Opinion

How to navigate the journey to smart home energy

Smart metres have the power to coordinate and hold to account the many other smart products that are starting to infiltrate our homes, such as PV, EV charging and smart heating systems. The arrival of so-called ‘agile electricity tariffs’, whose price varies half-hourly in relation to the wholesale price of electricity, are just one manifestation.

While smart devices have gradually invaded the home, they have often been held-back by poor performance or reliability. Customers have been left disappointed by poor service quality which can prevent them from realising the promised benefits. However, it is rarely a case that the core technology does not work – all too often it is a lack of effective service management that causes the customer experience quality to suffer.

There are many phases in each smart energy product’s journey from launch to ubiquity (or ignominy), each with its own set of challenges which service providers will have to overcome if they are to deliver a truly useful and Smart experience. This is a rocky road, but one that can be made significantly easier to navigate by using Service Management technology.

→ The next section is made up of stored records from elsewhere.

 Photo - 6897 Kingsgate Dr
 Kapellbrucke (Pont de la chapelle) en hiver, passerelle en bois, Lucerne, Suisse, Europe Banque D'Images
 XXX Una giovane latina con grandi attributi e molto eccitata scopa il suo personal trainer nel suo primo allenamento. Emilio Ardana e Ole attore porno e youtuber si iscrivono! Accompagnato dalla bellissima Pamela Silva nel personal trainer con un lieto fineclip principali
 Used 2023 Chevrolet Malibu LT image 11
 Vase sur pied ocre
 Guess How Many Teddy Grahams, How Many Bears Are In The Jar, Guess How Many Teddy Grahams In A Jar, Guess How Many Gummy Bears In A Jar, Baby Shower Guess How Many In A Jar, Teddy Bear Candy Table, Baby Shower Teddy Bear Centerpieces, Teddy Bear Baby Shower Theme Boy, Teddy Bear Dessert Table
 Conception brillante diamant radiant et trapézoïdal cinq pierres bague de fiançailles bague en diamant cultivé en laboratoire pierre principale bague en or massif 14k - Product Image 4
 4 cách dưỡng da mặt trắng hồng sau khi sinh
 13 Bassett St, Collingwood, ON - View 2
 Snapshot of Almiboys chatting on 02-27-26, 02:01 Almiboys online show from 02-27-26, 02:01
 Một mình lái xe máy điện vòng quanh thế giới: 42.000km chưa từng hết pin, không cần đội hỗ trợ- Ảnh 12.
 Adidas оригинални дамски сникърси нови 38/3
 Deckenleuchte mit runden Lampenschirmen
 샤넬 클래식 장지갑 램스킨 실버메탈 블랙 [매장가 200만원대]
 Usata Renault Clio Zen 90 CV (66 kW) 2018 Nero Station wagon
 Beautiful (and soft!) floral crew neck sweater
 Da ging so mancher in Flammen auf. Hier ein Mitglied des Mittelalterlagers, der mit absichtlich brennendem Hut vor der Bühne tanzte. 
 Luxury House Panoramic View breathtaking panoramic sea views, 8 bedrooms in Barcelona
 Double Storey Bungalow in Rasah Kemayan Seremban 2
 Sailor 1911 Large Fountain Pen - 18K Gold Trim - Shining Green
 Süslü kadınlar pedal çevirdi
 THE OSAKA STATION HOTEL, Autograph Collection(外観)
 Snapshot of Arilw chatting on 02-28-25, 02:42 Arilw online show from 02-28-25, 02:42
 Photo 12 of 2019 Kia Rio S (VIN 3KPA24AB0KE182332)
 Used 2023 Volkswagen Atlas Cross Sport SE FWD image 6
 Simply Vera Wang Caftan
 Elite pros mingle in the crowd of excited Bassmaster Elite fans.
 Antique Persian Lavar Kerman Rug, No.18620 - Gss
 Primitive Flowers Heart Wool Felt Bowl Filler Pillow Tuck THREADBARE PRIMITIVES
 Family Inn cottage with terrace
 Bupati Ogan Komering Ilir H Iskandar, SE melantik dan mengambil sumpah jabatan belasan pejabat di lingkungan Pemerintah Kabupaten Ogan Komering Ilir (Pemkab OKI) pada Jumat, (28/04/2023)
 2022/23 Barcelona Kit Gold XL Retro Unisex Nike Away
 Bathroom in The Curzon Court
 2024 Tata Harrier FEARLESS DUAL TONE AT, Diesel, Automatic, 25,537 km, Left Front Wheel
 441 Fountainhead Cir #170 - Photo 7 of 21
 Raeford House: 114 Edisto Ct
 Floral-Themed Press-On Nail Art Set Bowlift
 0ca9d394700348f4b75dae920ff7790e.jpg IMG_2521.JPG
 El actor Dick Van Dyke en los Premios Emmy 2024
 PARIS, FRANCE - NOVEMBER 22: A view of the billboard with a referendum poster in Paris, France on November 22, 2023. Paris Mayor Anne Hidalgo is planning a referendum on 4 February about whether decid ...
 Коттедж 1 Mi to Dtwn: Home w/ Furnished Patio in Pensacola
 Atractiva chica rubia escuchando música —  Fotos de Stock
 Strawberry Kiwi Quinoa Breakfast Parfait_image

Setting off – early rollout

Once service providers have honed their proposition and begin to rollout devices, it is easy to keep track of their devices as they have a relatively small fleet. Spotting and fixing problems – such as hardware faults, configuration issues or network failures – is fairly simple when you only have a few handfuls of devices to keep an eye on.

However, as they win customers and scale up the number of devices they have in the wild, the faults go from occasional ‘clicks on the Geiger counter’ to flagging several issues a day or even an hour, depending on the size of the fleet. Service providers suddenly have to start thinking on a different level, otherwise they can easily lose track of what is going on with their devices.

The spreadsheets and manual processes that were fine for managing product trials and early-phase rollouts will become overwhelmed, and service suffers as a result.

A bumpy ride – scaling up

Once this problem is solved and service providers have at least a good picture of what they’ve deployed, their proposition matures further, and the ongoing performance level of their devices becomes the next hurdle to overcome.

Are these devices working as they should? Are the connected properly? Was the installation ‘right first time’? Are there any faults? Are particular types of fault trending? Essentially these queries can all be summarised by asking one simple question: are the smart home energy devices ready to deliver the service, today?

Most providers will ask themselves these questions, but invariably the answer is “I don’t know”. Chances are, their service is poor as a result, but they are only able to gauge this from customer complaints, by which point it is too late – they have already let the customer down.

Climbing the hill – making promises

Once this bend in the road has been navigated, the journey enters its final phase. As they start to gain experience in the space, validate their proposition and on-board more customers, service providers will start to agree levels of service (SLAs) with customers.

However, this isn’t possible without a stable foundation achieved through the earlier steps and some method of measuring and quantifying the quality of service. Simply achieving a rollout cannot be the end of the journey for service providers. To grow and thrive, service providers must be able to consistently provide a great service, and they have to be able to prove that they are delivering it.

Make the journey easier – Service management

Service management can make this journey far smoother and is a must for any service provider looking to make navigating this rocky road. It offers a ‘single pane of glass’ view of the entire fleet of devices, enabling you to spot and solve problems and faults, whilst effectively managing devices and offering key insight and metrics that are crucial to customer success.

Instead of constantly having to react to angry customer complaints, Service Management allows your ops and engineering teams to take a proactive stance to customer service, often solving problems before customers even realise there is a problem.

Without Service management technology, service providers will really struggle to navigate their path to success, their journey will be fraught with poor service, and a growing device estate will gradually cause the team to drown in fire-fighting. It is essential that they get this right, as Smart devices are a vital element of the future grid as renewables increasingly dominate the market.